Results and discussions

To validate the proposed approach, we first use the synthetic data generated by PP-wave reflection coefficient (computed with Eq. 1) convoluted with seismic wavelets without noises, and then perform the azimuth-dependent and azimuthal-amplitude-difference-based seismic inversion for normal and shear weaknesses. Figure 1a shows the inversion results in time domain (blue curves), frequency domain (green curves), and joint time–frequency domain (red curves), respectively, and the initial model (dotted black curves) are generated by smoothing the true well log data (solid black curves). We find that the inverted fracture weaknesses are all consistent with the true values in all three domains. Figure 1b shows the corresponding spectra of differences in normal (above) and shear (below) fracture weaknesses, respectively, and the spectra of inverted results in all three domains are still a good match in the seismic band. Therefore, the inversion methods in all three domains perform well when seismic data contains no noises.

Figure 1
figure 1

Comparison between original and inverted model parameters and spectra in time domain, frequency domain, and joint time–frequency domain with synthetic azimuth-dependent seismic data containing no noises, where (a) is the inverted normal and shear fracture weaknesses in different domains, and (b) is the spectra comparison in different domains.

To further test the anti-noise ability of inversion methods in different domains, we add moderate Gaussian random white noises into the noise-free data and generate the synthetic data with different signal-to-noise-ratios (SNRs) being 5 and 2, respectively. We then perform the azimuth-dependent and azimuthal-amplitude-difference-based seismic inversion for normal and shear weaknesses in noisy cases. Figure 2a,b show the comparison between original and inverted model parameters and spectra in time domain (blue lines), frequency domain (green lines), and joint time–frequency domain (red lines) with synthetic azimuth-dependent seismic data containing moderate noises (i.e., the SNR of data is 5). From the inversion results in different domains shown in Fig. 2a, we can see that the inversion accuracy of fracture weaknesses in frequency and joint time–frequency domain are better that in time domain, and the inversion results in joint time–frequency domain are more stable than that in frequency domain from the spectra comparison shown in Fig. 2b.

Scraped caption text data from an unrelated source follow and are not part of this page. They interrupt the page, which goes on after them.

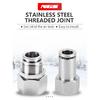 SUS 304 Edelstahl Pneumatikschlauchfitting PC PCF PL PE PU 8mm Vollmetall Schnellverschluss Rohrverbinder Gelenk 1/2 1/8 1/4 3/8 Motordichtungen 6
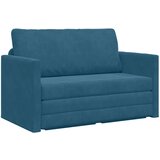 vidaXL Podni kauč na krevet 2-u-1 Plavi 124x204x61 cm Saten Cijene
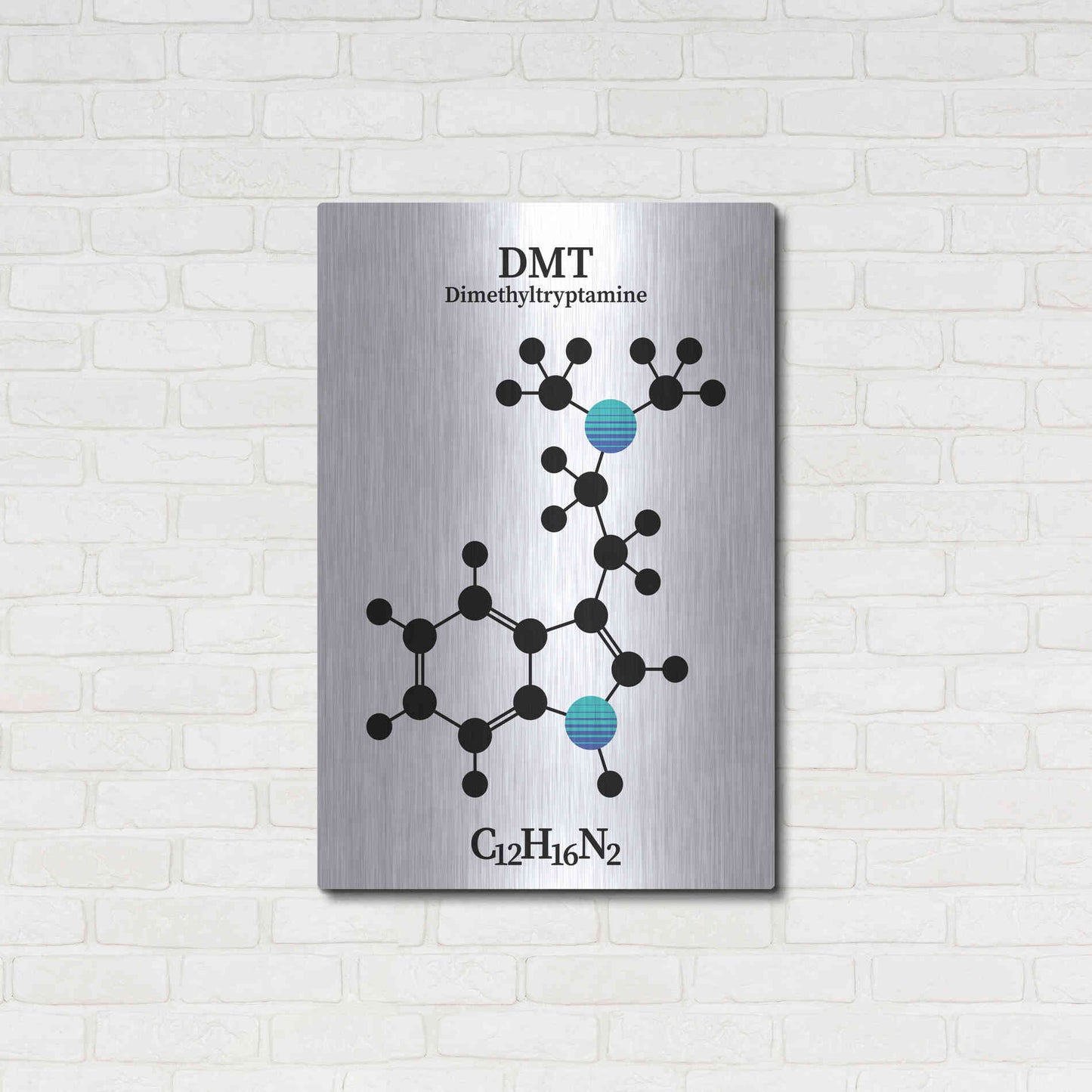 Luxe Metal Art 'DMT Molecule 2' by Luxe Portfolio, Metal Wall Art,24x36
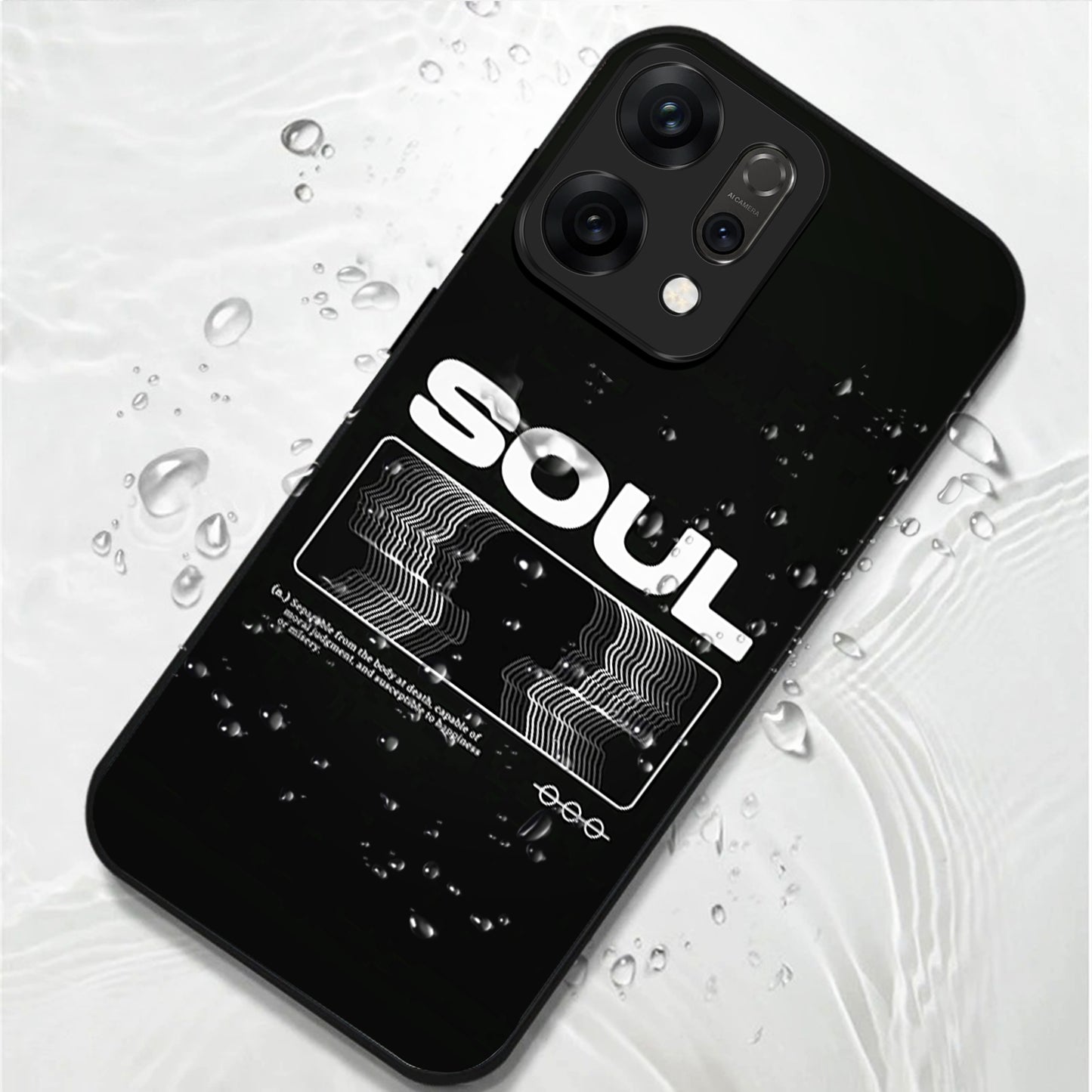 Oppo Reno 14 5G Soul Typography Minimal Design Aesthetic Glass Case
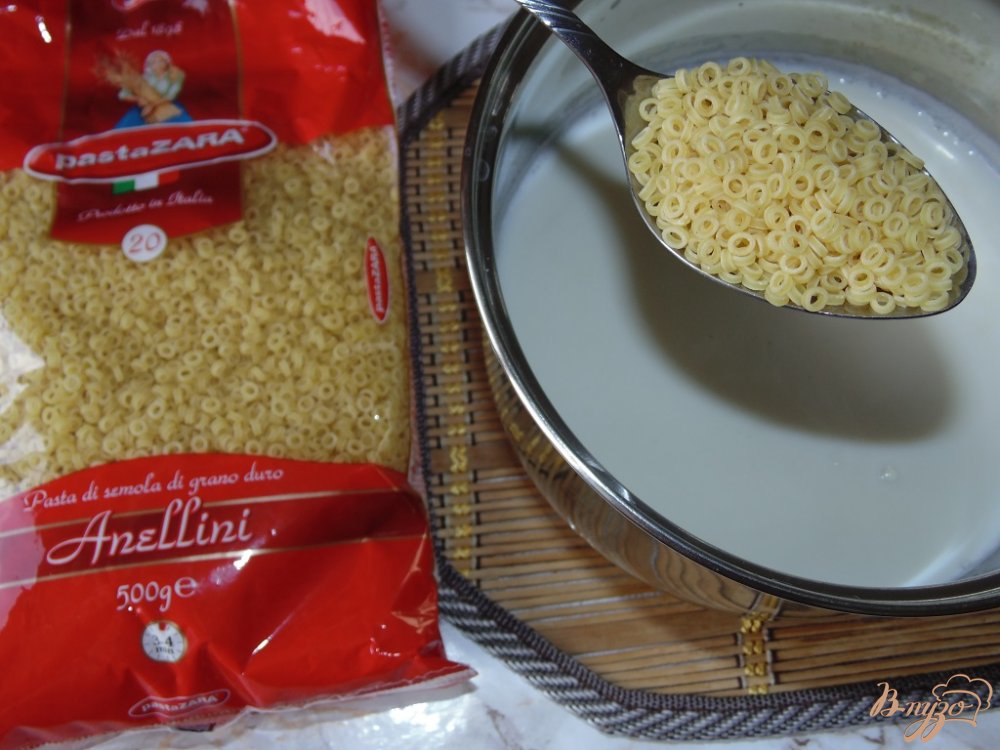 Молочный суп с пастой Anellini Молочный суп с пастой Anellini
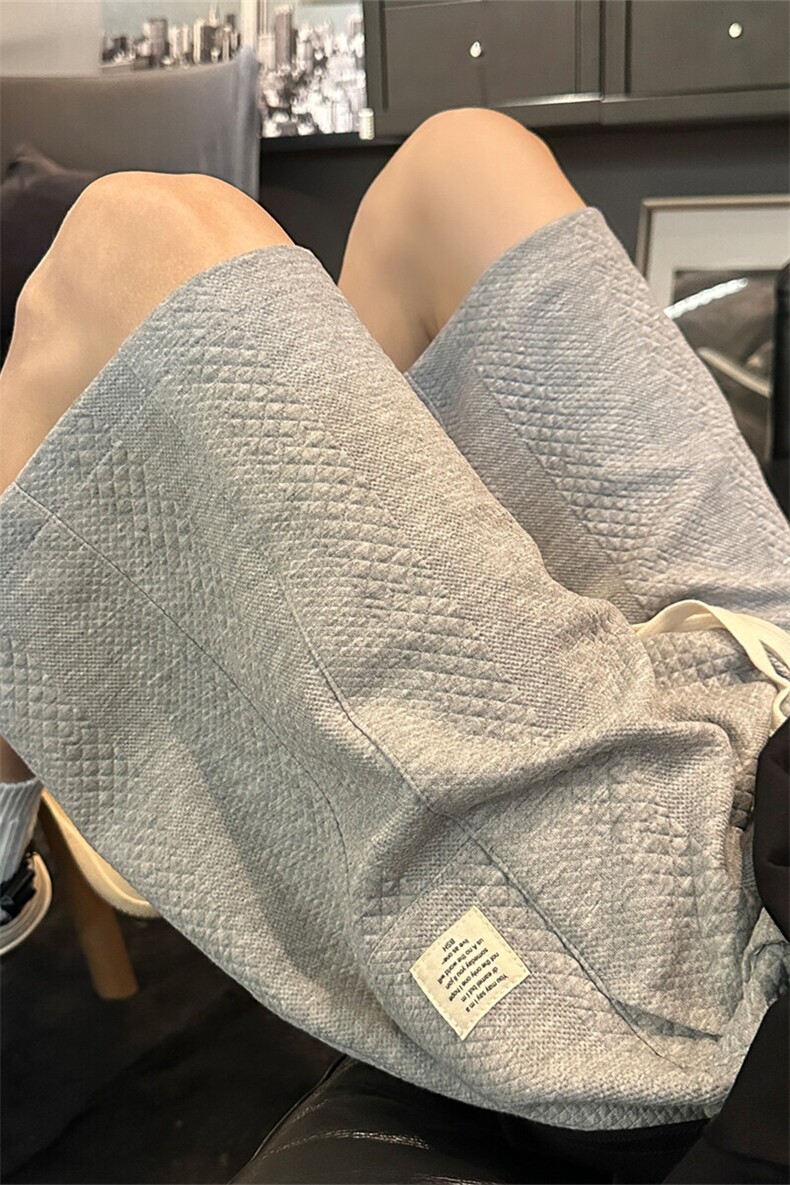 K8032/P35夏季新款提花运动系绳短裤男中裤潮宽松大码休闲裤子,男装牛仔裤,电商A141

Figure 3a,b show the same case but with more noises (i.e., the SNR of data is 2), and we can find that the spectra of inverted fracture weaknesses in joint time–frequency domain are wider than the other inversion results in time or frequency domains. To validate the stability of the proposed inversion approach, we compare the cross-correlation coefficients between the true and inverted results in time, frequency and joint time–frequency domains. Table 1 illustrates the comparison results, and we can obviously find that the cross-correlation coefficients between true and inverted fracture weaknesses in joint time–frequency domain are larger than that in time and frequency domains when the seismic data contains moderate or even more noises. Therefore, the inversion method in joint time–frequency domain maintains a balance between the anti-noise ability and resolution effect.

Figure 2
figure 2

Comparison between original and inverted model parameters and spectra in time domain, frequency domain, and joint time–frequency domain with synthetic azimuth-dependent seismic data containing moderate noises (SNR = 5), where (a) is the inverted normal and shear fracture weaknesses in different domains, and (b) is the spectra comparison in different domains.

Figure 3
figure 3

Comparison between original and inverted model parameters and spectra in time domain, frequency domain, and joint time–frequency domain with synthetic azimuth-dependent seismic data containing more noises (SNR = 2), where (a) is the inverted normal and shear fracture weaknesses in different domains, and (b) is the spectra comparison in different domains.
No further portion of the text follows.